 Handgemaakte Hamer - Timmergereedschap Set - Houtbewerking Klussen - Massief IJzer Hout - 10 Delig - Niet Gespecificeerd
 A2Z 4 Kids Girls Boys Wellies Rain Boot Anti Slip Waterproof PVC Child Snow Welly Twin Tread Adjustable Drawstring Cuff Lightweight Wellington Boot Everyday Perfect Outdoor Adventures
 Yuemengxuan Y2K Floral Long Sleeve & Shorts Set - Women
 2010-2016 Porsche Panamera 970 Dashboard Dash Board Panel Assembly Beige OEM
★ ★ ★ ★ ★
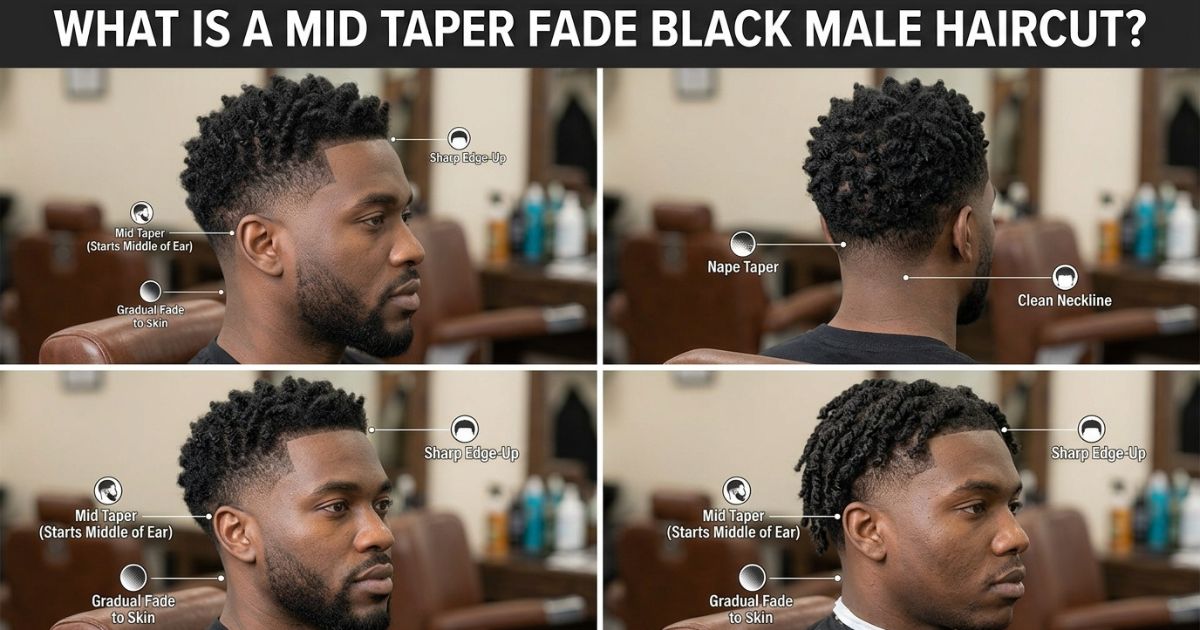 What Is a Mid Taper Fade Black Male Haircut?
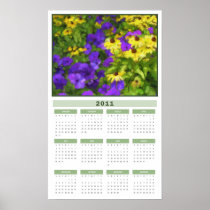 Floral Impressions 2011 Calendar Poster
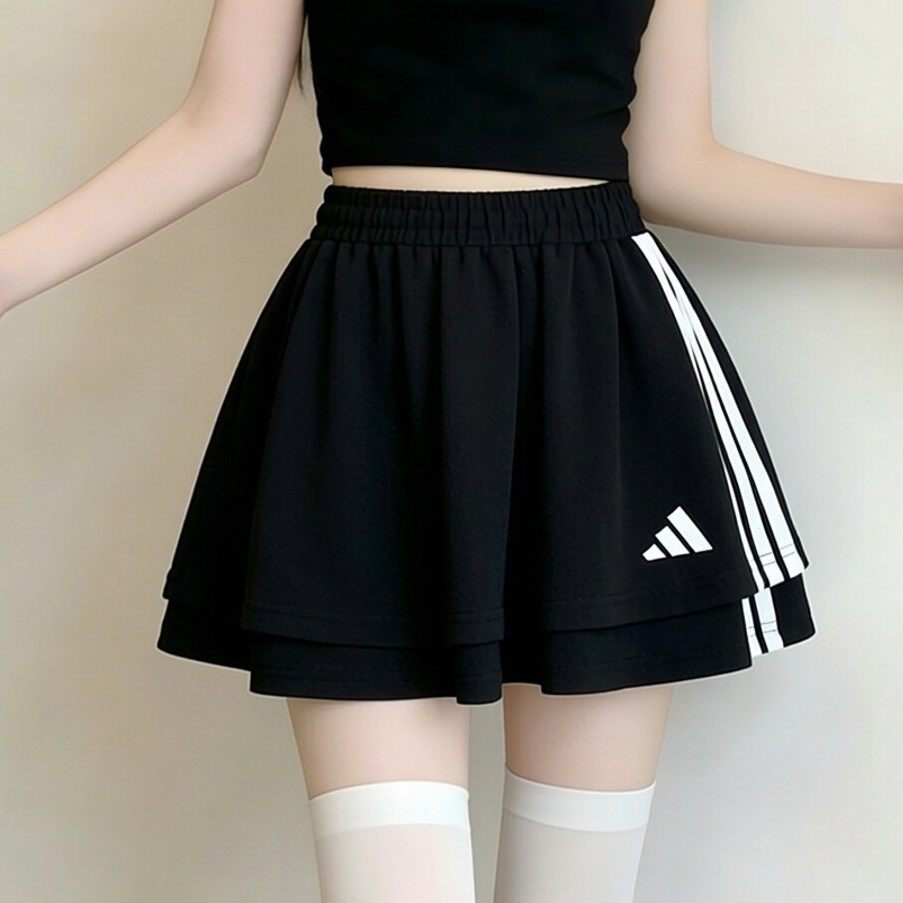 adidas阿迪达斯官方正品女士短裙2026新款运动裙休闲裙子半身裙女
★ ★ ★ ★ ★
**TASK DESCRIPTION**
Starting with the line that contains "What Is a Mid Taper Fade Black Male Haircut?" and finishing with the line that contains "adidas阿迪达斯官方正品女士短裙2026新款运动裙休闲裙子半身裙女", reproduce every line of the material above exactly, but not the pictures.

**EXERCISE RESPONSE**
 What Is a Mid Taper Fade Black Male Haircut?
 Floral Impressions 2011 Calendar Poster
 adidas阿迪达斯官方正品女士短裙2026新款运动裙休闲裙子半身裙女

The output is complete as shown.